======== Data

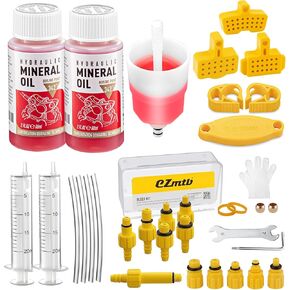Brake Bleed Kit for Shimano, TEKTRO, TRP Hydraulic Disc Brakes, Brake Fluid Bleeder Kit with Performance Mineral Oil Brake Fluid 120ml/4oz, Adapters for Most MTB/Road Bike Brake (Upgraded)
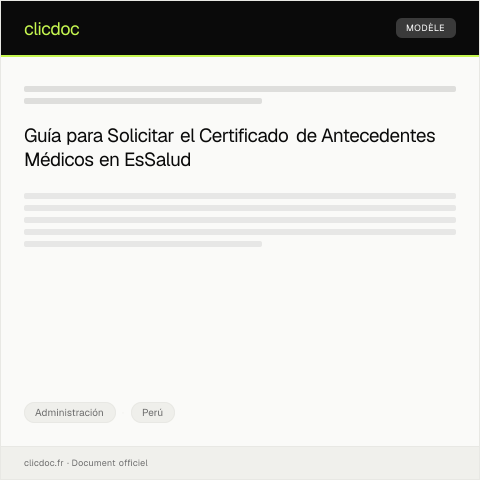 Vista previa del documento Solicitar el certificado de antecedentes médicos en EsSalud — Administración, Perú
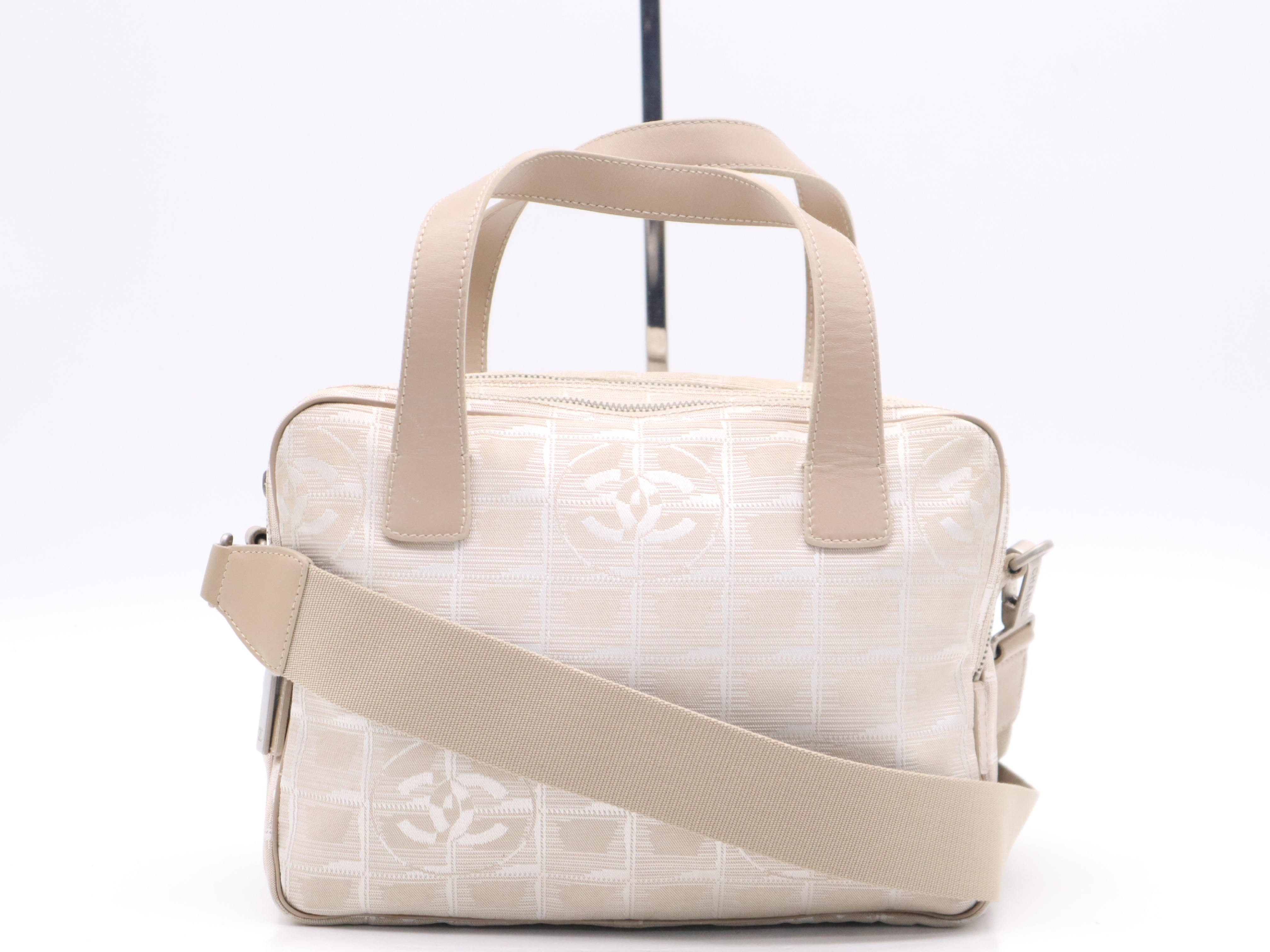 Nylon x Leather New Travel 2-Way Handbag, Beige, Silver Hardware, Shoulder Strap & Seal Included.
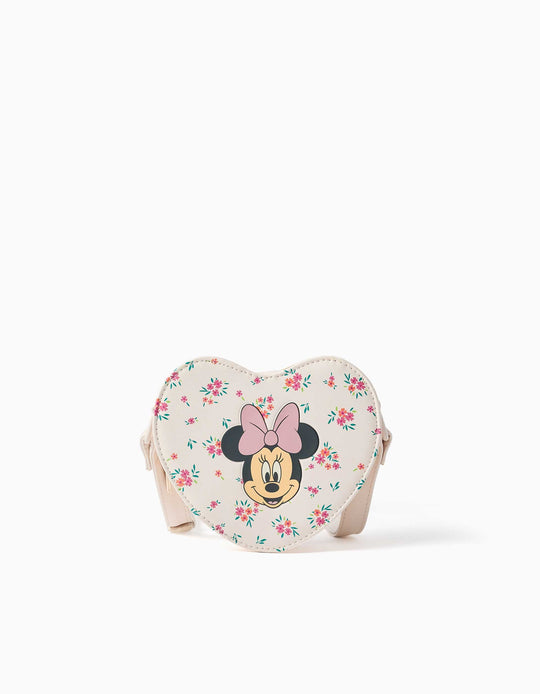 Heart-Shaped Crossbody Bag With Minnie Print For Girls, Light Beige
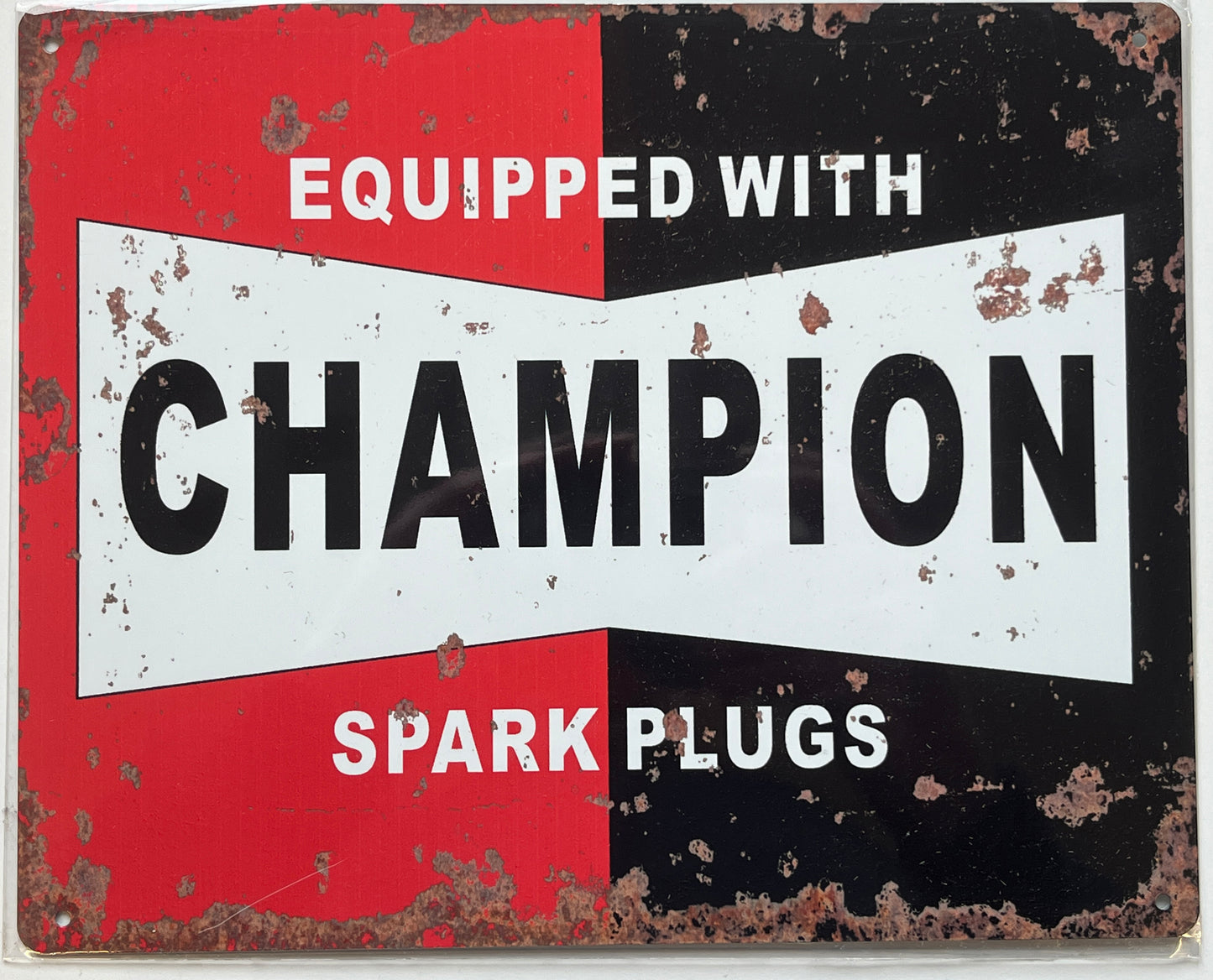 Metal Vintage Style Wall Sign - Champion Spark Plugs Metal Sign Plaque 10x8 inch [CHAMP]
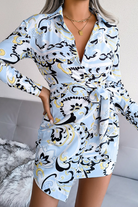 Women's Wrap Dress - V-Neck - Long Sleeve - Tie Waist - Short Length Stylish Fit by Lumina Vancouver
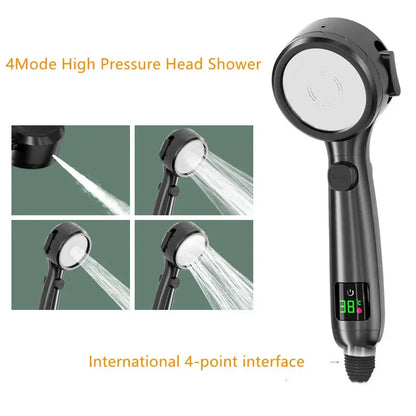 High Pressure Handheld LED Shower Head | Adjustable Water-Saving Showerhead with Digital Temperature Display & Pressurized Spray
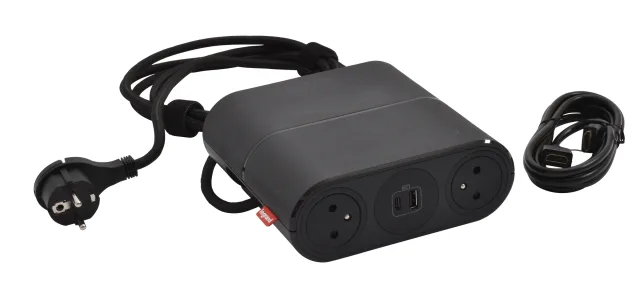 Legrand Incara mobile power strip — 250V, IP3XD, Black — 654881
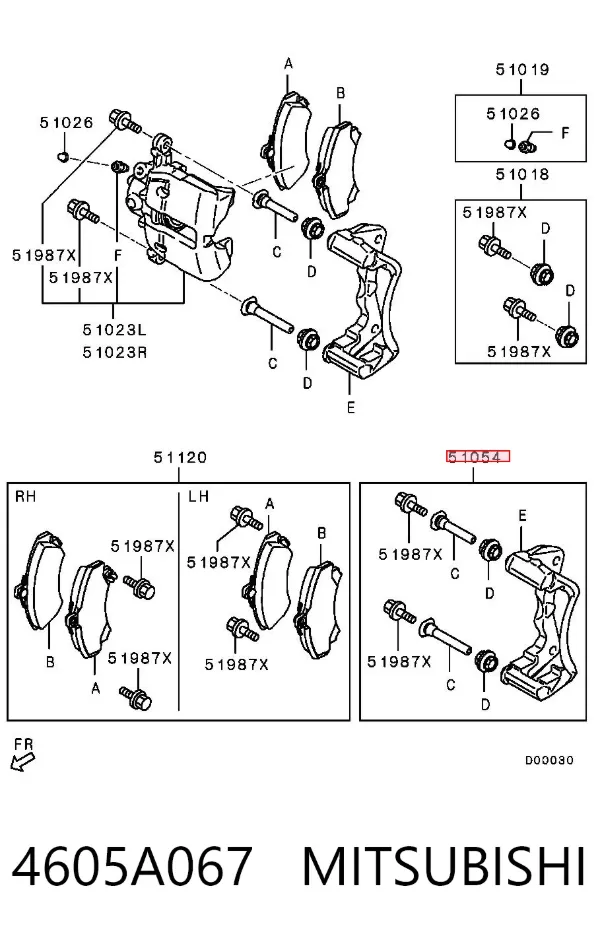 Jarzmo zacisku hamulcowego przedniego 4605A067 Mitsubishi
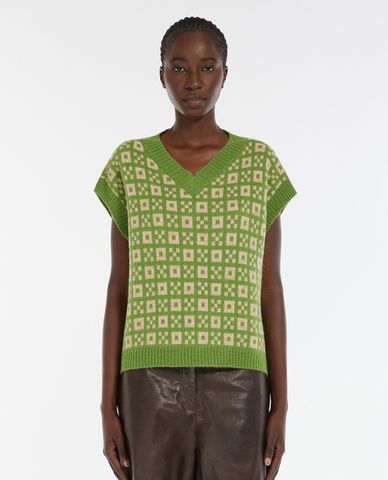  WEEKEND MAX MARA - Áo khoác gilet nữ dệt kim cổ V Valvola 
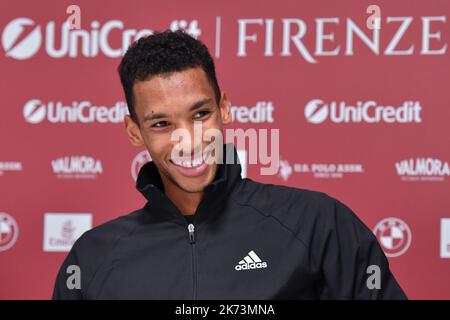 Pala Wanny, Florence, Italie, 16 octobre 2022, Conférence de presse post-match de Felix Auger-Aliassime du Canada lors de l'Open - final UniCredit Firenze Banque D'Images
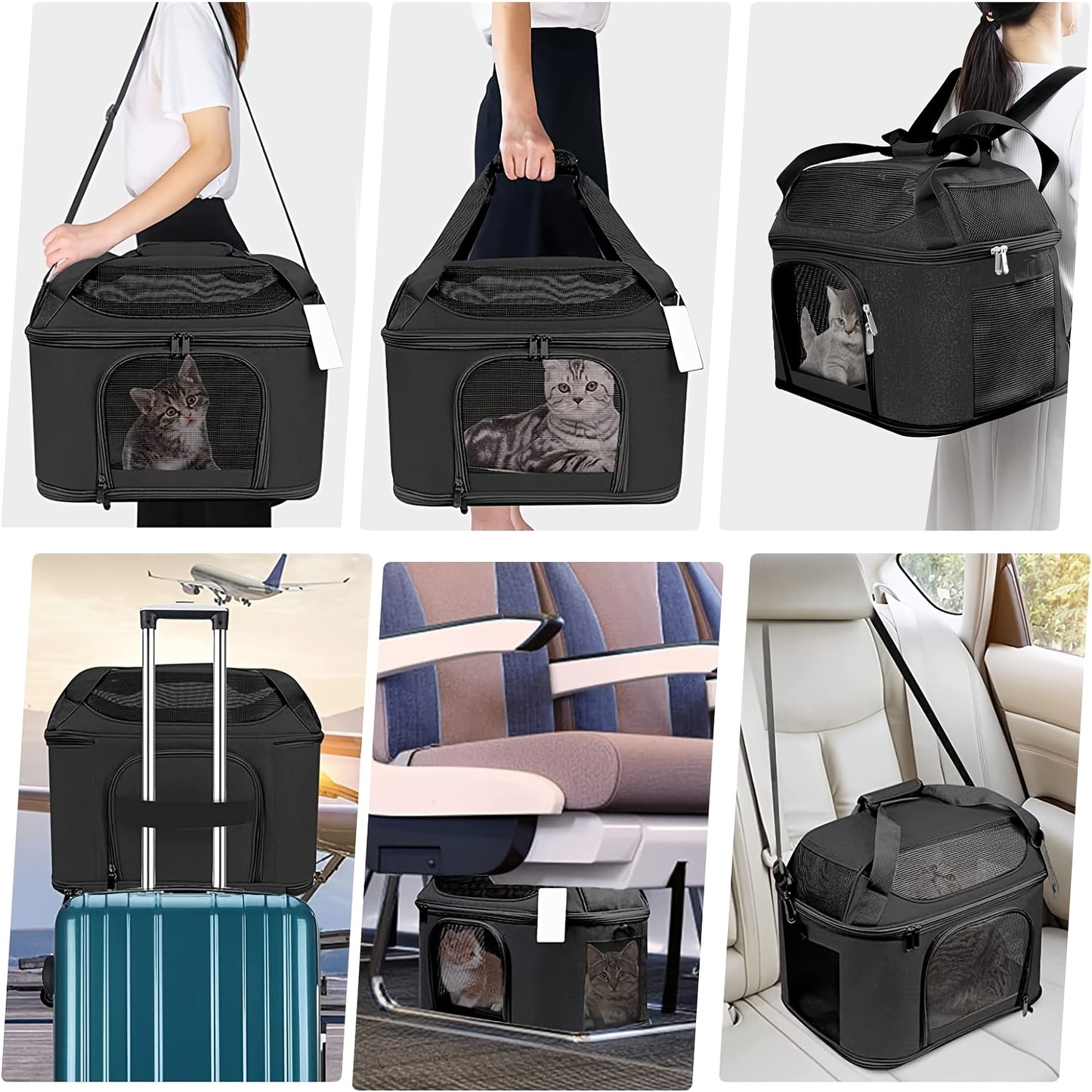 Large Cat Carrier for Two Cats Soft-Sided TSA Approved with Removable Plush Bed and Mesh Panels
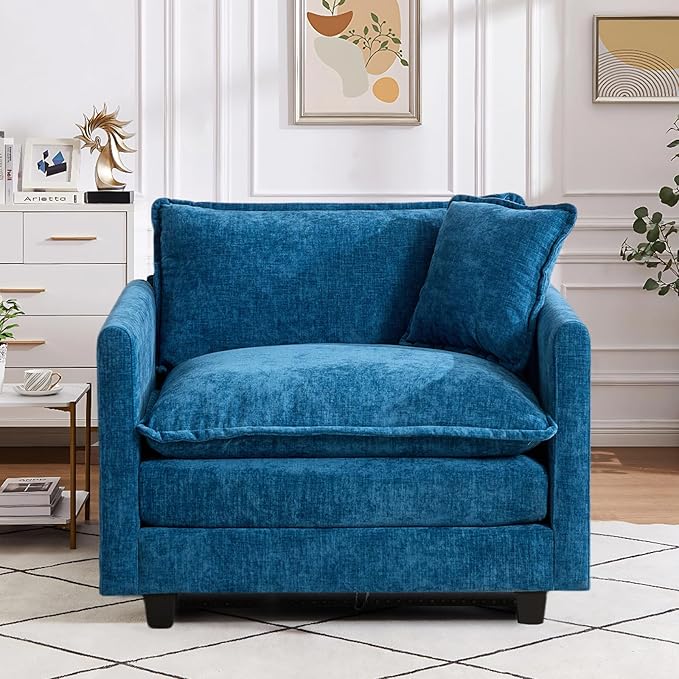 Sofa Couch for Living RoomModern Modular Sectional Sofa 1-Seat 42.1 Chenille Removable Memory Foam Sofa with 1 Throw Pillow for Bedroom ApartmentBlue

================

#### Task details
Write the full listing out again with every line unchanged, but include no pictures.

#### Solution to this task
Brake Bleed Kit for Shimano, TEKTRO, TRP Hydraulic Disc Brakes, Brake Fluid Bleeder Kit with Performance Mineral Oil Brake Fluid 120ml/4oz, Adapters for Most MTB/Road Bike Brake (Upgraded)
 Vista previa del documento Solicitar el certificado de antecedentes médicos en EsSalud — Administración, Perú
 Nylon x Leather New Travel 2-Way Handbag, Beige, Silver Hardware, Shoulder Strap & Seal Included.
 Heart-Shaped Crossbody Bag With Minnie Print For Girls, Light Beige
 Metal Vintage Style Wall Sign - Champion Spark Plugs Metal Sign Plaque 10x8 inch [CHAMP]
 Women's Wrap Dress - V-Neck - Long Sleeve - Tie Waist - Short Length Stylish Fit by Lumina Vancouver
 High Pressure Handheld LED Shower Head | Adjustable Water-Saving Showerhead with Digital Temperature Display & Pressurized Spray
 Legrand Incara mobile power strip — 250V, IP3XD, Black — 654881
 Jarzmo zacisku hamulcowego przedniego 4605A067 Mitsubishi
  WEEKEND MAX MARA - Áo khoác gilet nữ dệt kim cổ V Valvola 
 Pala Wanny, Florence, Italie, 16 octobre 2022, Conférence de presse post-match de Felix Auger-Aliassime du Canada lors de l'Open - final UniCredit Firenze Banque D'Images
 Large Cat Carrier for Two Cats Soft-Sided TSA Approved with Removable Plush Bed and Mesh Panels
 Sofa Couch for Living RoomModern Modular Sectional Sofa 1-Seat 42.1 Chenille Removable Memory Foam Sofa with 1 Throw Pillow for Bedroom ApartmentBlue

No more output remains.